Philip Marlowe é um requisitado detetive particular contratado para encontrar o ex-amante de Clare Cavendish, herdeira de uma estrela hollywoodiana. Enquanto investiga, ele acaba desvendando os bastidores do cinema.

Crítica

Criação do escritor Raymond Chandler, o personagem Philip Marlowe foi levado aos cinemas em diversos filmes, interpretado por inúmeros astros de Hollywood, entre eles Humphrey Bogart (À Beira do Abismo, 1946), Robert Mitchum (O Último dos Valentões, 1975), Dick Powell (Até A Vista, Querida, 1946) e Elliott Gould (O Perigoso Adeus, 1973). Cinematograficamente falando, virou um dos ícones do chamado cinema noir, filão que trouxe tintas mais ambíguas ao período clássico Hollywoodiano (a Era de Ouro) com seus detetives andando na linha tênue entre e a lei a bandidagem, femmes fatales loiras e sexualmente agressivas, além de uma sociedade que esconde o seu lado menos glamoroso.
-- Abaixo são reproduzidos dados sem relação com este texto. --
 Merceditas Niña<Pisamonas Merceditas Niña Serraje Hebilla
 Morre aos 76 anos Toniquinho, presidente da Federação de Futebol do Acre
Sombras de um Crime é baseado em A Loura de Olhos Negros, livro em que John Banville utiliza esse personagem consagrado do colega Chandler para novamente revelar as hipocrisias de uma cidade naturalmente ambivalente como Los Angeles. De um lado, a aura espetacular mantida pela existência de Hollywood, do outro, a fauna subterrânea que esconde a verdade sob a fina membrana do requinte. Dirigido pelo aclamado Neil Jordan, o filme traz todos esses ingredientes, assim se filiando integralmente àquilo que o noir tem de mais tradicional. No entanto, isso não quer dizer que o resultado seja condizente com a herança reutilizada. Pelo menos não em partes, pois a produção tem lá o seu charme.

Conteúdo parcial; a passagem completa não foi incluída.